● Your objective
All entries, exactly as written, should be output again.

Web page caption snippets
= = =

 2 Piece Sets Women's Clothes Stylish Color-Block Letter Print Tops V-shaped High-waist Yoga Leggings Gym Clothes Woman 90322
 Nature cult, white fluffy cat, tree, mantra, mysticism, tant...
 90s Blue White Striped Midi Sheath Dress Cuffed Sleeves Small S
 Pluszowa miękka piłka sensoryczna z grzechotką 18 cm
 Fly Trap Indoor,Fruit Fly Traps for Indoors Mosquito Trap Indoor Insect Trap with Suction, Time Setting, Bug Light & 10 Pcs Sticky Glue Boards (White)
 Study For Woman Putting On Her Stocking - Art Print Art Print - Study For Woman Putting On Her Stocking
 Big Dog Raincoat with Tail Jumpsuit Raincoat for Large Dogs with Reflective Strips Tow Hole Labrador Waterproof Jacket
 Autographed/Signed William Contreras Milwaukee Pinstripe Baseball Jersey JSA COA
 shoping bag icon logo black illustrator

= = =

● Finished task
 2 Piece Sets Women's Clothes Stylish Color-Block Letter Print Tops V-shaped High-waist Yoga Leggings Gym Clothes Woman 90322
 Nature cult, white fluffy cat, tree, mantra, mysticism, tant...
 90s Blue White Striped Midi Sheath Dress Cuffed Sleeves Small S
 Pluszowa miękka piłka sensoryczna z grzechotką 18 cm
 Fly Trap Indoor,Fruit Fly Traps for Indoors Mosquito Trap Indoor Insect Trap with Suction, Time Setting, Bug Light & 10 Pcs Sticky Glue Boards (White)
 Study For Woman Putting On Her Stocking - Art Print Art Print - Study For Woman Putting On Her Stocking
 Big Dog Raincoat with Tail Jumpsuit Raincoat for Large Dogs with Reflective Strips Tow Hole Labrador Waterproof Jacket
 Autographed/Signed William Contreras Milwaukee Pinstripe Baseball Jersey JSA COA
 shoping bag icon logo black illustrator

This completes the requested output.